SEBETULNYA, kalau saja pernyataan yang menihilkan peran tokoh-tokoh kiri (plus liberal dan aktivis HAM) itu datang dari seorang pemuda tanggung yang baru membaca satu-dua buku, mungkin masih bisa dimaklumi dan tak perlu dianggap soal besar. Tapi masalahnya pernyataan itu terlontar dari seorang penulis yang sudah menghasilkan puluhan karya yang kata-katanya selalu diamini oleh para penggemarnya.
Kalau kita perhatikan, pernyataan Tere Liye yang bercampur sinisme itu sebetulnya hendak menggugat mereka, para aktivis kiri, liberal dan HAM yang hidup di masa kini, sebagai konsekuensi dari menguatnya polarisasi kelompok sekularisme versus religius pada hari-hari terakhir ini. Sehingga pernyataan ahistorisnya itu terlontar hanya semata karena ingin menyebarkan keraguan atas peran kelompok tersebut dari sejarah di Indonesia sekaligus mendelegitimasi peran mereka di hari-hari ini.

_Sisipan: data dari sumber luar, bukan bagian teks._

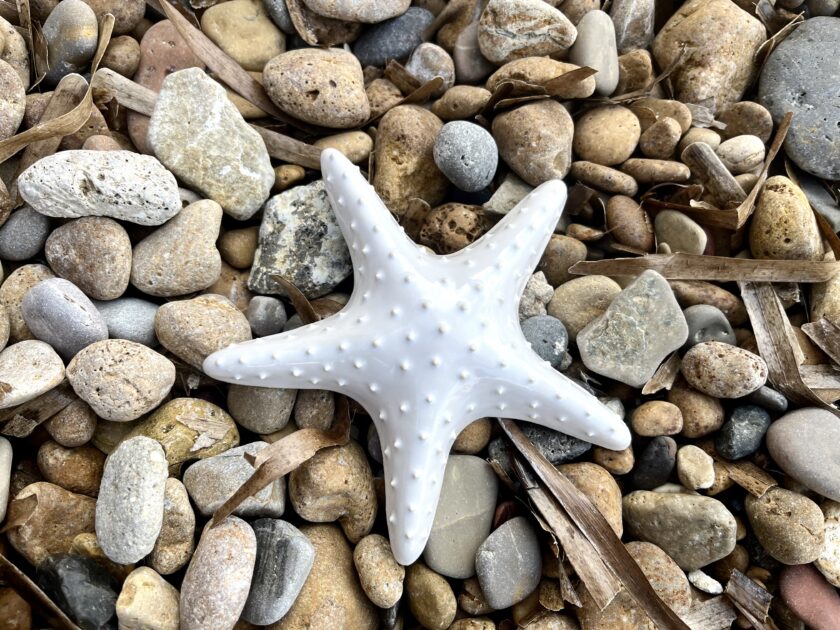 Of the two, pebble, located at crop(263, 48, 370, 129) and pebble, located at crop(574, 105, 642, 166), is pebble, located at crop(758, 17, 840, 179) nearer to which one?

Kita semua tahu keriuhan yang terjadi hari-hari ini banyak melibatkan kelompok tadi, ambil contoh dalam isu LGBT, heboh monumen laskar Cina di TMII dan pelarangan festival Belok Kiri pada pekan lalu. Pernyataan Tere Liye itu menimbulkan tafsir bahwa dia sedang membagi manusia Indonesia ke dalam dua kelompok besar: yang beragama dan yang tak beragama. Yang beragama (“ulama dan tokoh agama lainnya”) punya banyak jasa namun di luar itu, “silahkan cari,” katanya.
Ada nada ejekan sekaligus keraguan di sana. Kalimat “silahkan cari” itu sama dengan ungkapan dari seseorang yang mau meyakinkan pasangannya bahwa dialah yang terbaik, “Akulah yang terbaik dari semua lelaki yang ada di dunia ini, kalau tak percaya, silahkan cari yang lain”. Jadi dia tak sedang sungguh-sungguh menyuruh orang untuk mencari orang-orang di luar “ulama-ulama besar, tokoh agama lainnya. Orang-orang religius, beragama” yang punya jasa besar dalam pendirian negara-bangsa ini.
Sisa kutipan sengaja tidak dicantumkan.